_The problem_
Would you transcribe the records below from the line with "The number of" to the line with "Malala says, which", ends included, exactly and with nothing more, leaving the pictures out?

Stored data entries

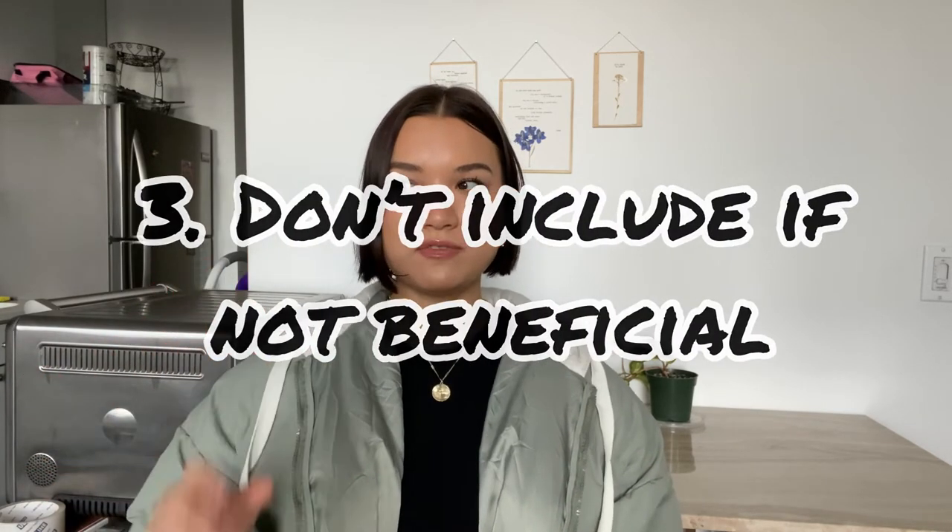Tip three: don't include it if it isn't beneficial. For the fashion MPS program, it wasn't required to submit a portfolio. That was a big question I had — it was daunting because I don't come from a design background or a management background. The advising staff said to submit a portfolio only if you think it will be beneficial to your overall application. For me, I didn't think it would be, so I ended up not submitting it — and I still got in. Don't include something just for the sake of it.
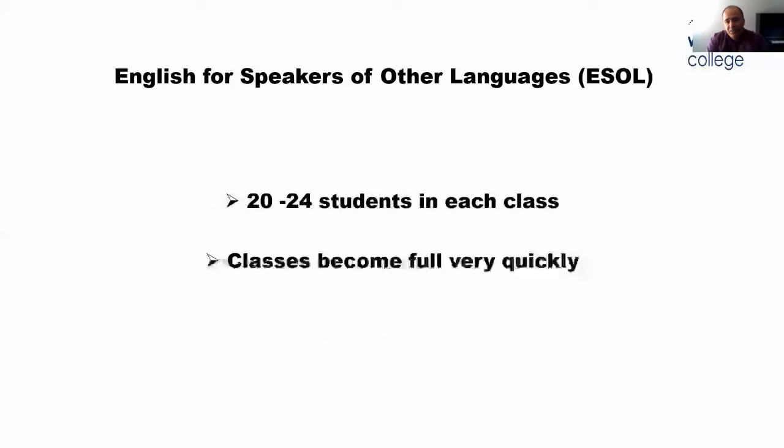The number of students in classes: we have 20 to 24 students in each class. Classes become full very quickly, so if you need a place, you need to apply quickly because so many students don't get a chance. They come and then they have to wait till the year after or till January, because normally it's very busy.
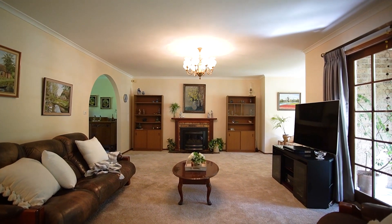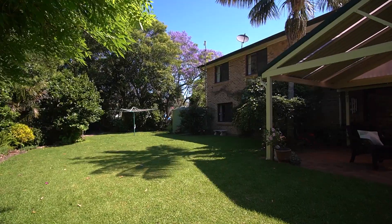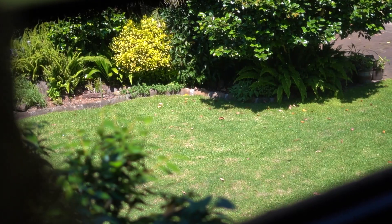Boasting large formal and informal living zones, entry foyer and spacious kitchen overlooking a child-friendly level yard. The upper floor consists of four bedrooms and two bathrooms, all enjoying peaceful outlooks.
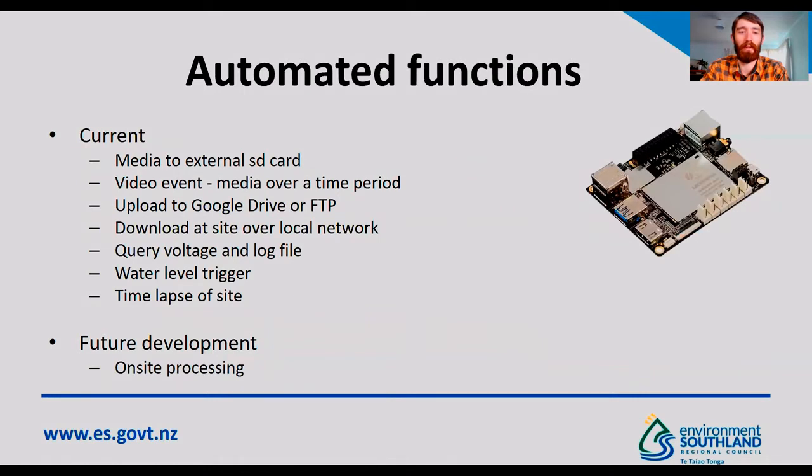We've automated a number of functions. We can collect media of either fixed or customisable length to the external SD card, increasing the storage capability. We can collect video events — a number of clips over a set time period to capture a flood as it comes through. The footage can be uploaded to either Google Drive or an FTP. This is useful with software like HydroSTIV, which is able to retrieve footage from an FTP and process it with artificial intelligence near real time. We can also download data at site without incurring the cost of telemetering it over the mobile network. It's possible to check the voltage and log file of the device remotely. With our real-time series database we can set thresholds on water level so that if the water level exceeds a threshold it automatically starts a video event without needing a manual command. We're also able to do time lapses of the site.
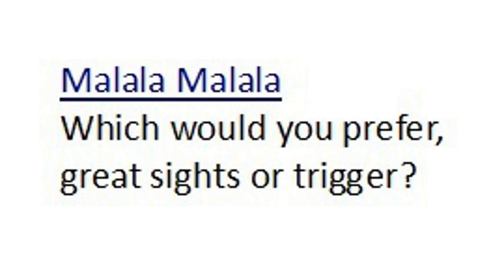Malala says, which would you prefer: great sights or great trigger? For a self-defense carry gun, there are certain things you absolutely need. Number one priority: the gun has to be reliable — that is not negotiable. Other than that, you need sights you can see and a trigger you can control. And if you're going to shoot your best, you need a gun that fits your hand so the gun points naturally. As far as the question of great sights versus great trigger, that is like saying would you rather have a heart that pumps blood or lungs that breathe air? The bottom line is you need both.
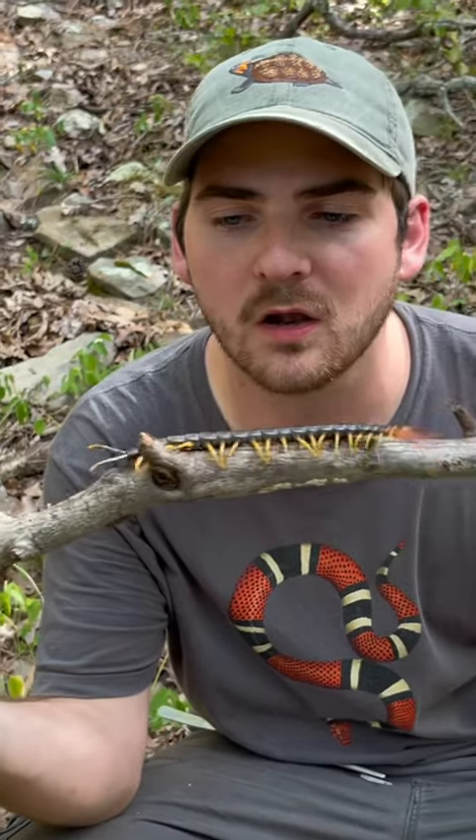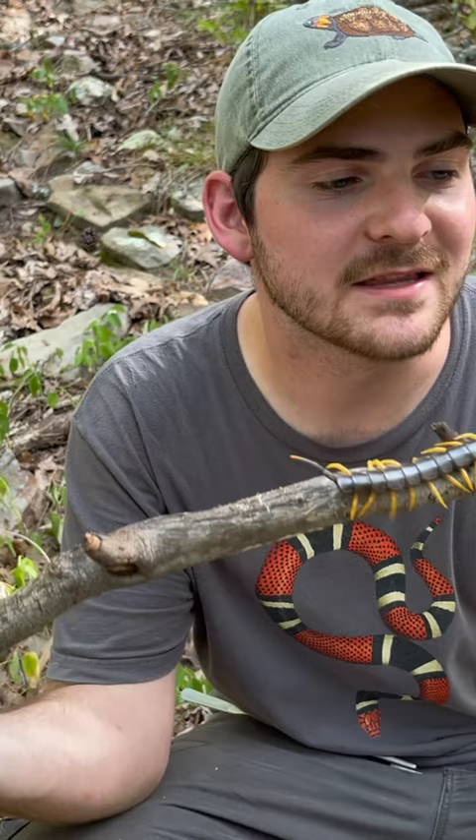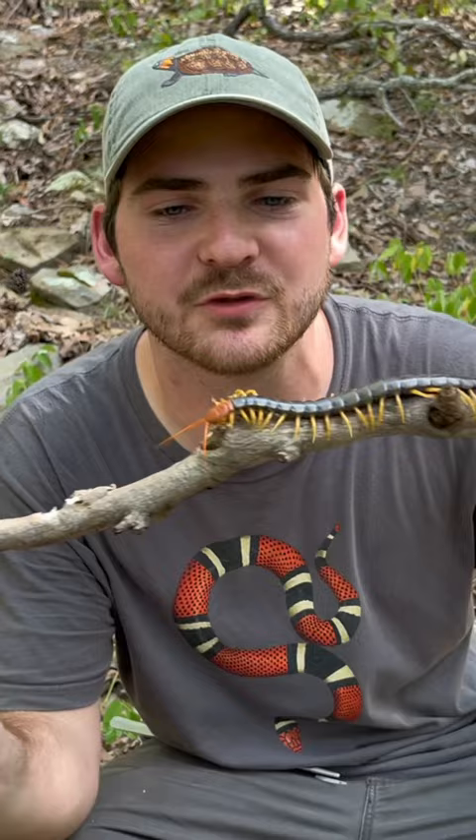Their eyes are very, very small and they have quite a few of them on either side of the head, but that is actually not their main mode of sensing. It's those antennae — that feeling sensation — which is really helpful because these animals spend a lot of their time underneath dark rocks and logs and hunting at night.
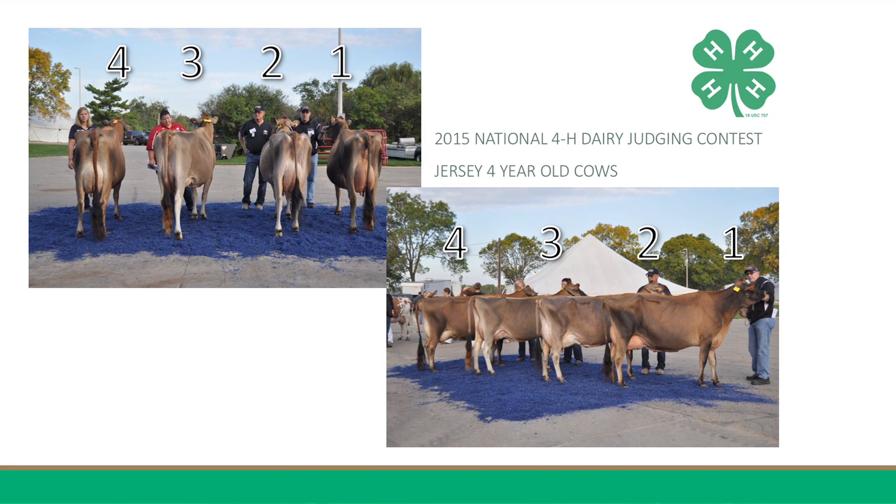Furthermore, she has an advantage in frame, having a more level withers placement, causing her to be straighter over her top line and blending more smoothly through the front end. However, I do grant that one shows more depth of body and has a smoother fore udder attachment.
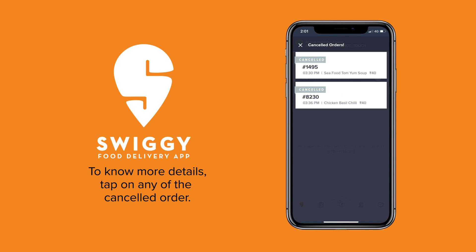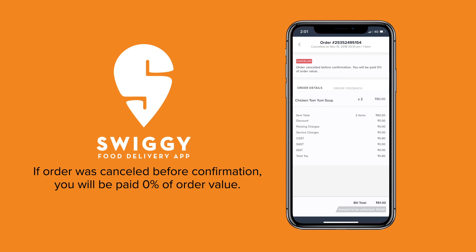The payment that you will receive on customer cancelled orders depends on the following cases. When an order is cancelled by a customer before you confirm it, you will receive 0% of the order value.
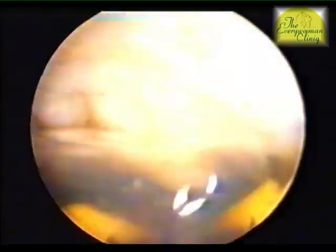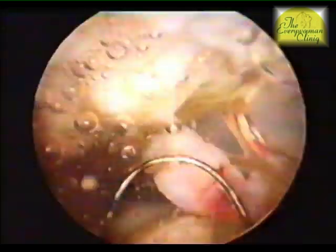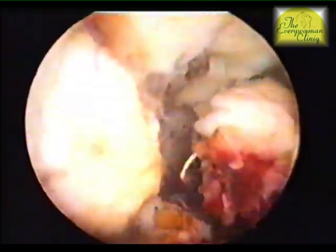These are often asymptomatic, but if large, can cause heaviness and pressure upon the neighboring organs. Fibroids need to be treated in certain cases, especially if they cause heavy bleeding, pain, infertility, or pressure. The treatment is usually laparoscopic for intramural or subserosal fibroids.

_Written response_
The number of students in classes: we have 20 to 24 students in each class. Classes become full very quickly, so if you need a place, you need to apply quickly because so many students don't get a chance. They come and then they have to wait till the year after or till January, because normally it's very busy.
Boasting large formal and informal living zones, entry foyer and spacious kitchen overlooking a child-friendly level yard. The upper floor consists of four bedrooms and two bathrooms, all enjoying peaceful outlooks.
We've automated a number of functions. We can collect media of either fixed or customisable length to the external SD card, increasing the storage capability. We can collect video events — a number of clips over a set time period to capture a flood as it comes through. The footage can be uploaded to either Google Drive or an FTP. This is useful with software like HydroSTIV, which is able to retrieve footage from an FTP and process it with artificial intelligence near real time. We can also download data at site without incurring the cost of telemetering it over the mobile network. It's possible to check the voltage and log file of the device remotely. With our real-time series database we can set thresholds on water level so that if the water level exceeds a threshold it automatically starts a video event without needing a manual command. We're also able to do time lapses of the site.
Malala says, which would you prefer: great sights or great trigger? For a self-defense carry gun, there are certain things you absolutely need. Number one priority: the gun has to be reliable — that is not negotiable. Other than that, you need sights you can see and a trigger you can control. And if you're going to shoot your best, you need a gun that fits your hand so the gun points naturally. As far as the question of great sights versus great trigger, that is like saying would you rather have a heart that pumps blood or lungs that breathe air? The bottom line is you need both.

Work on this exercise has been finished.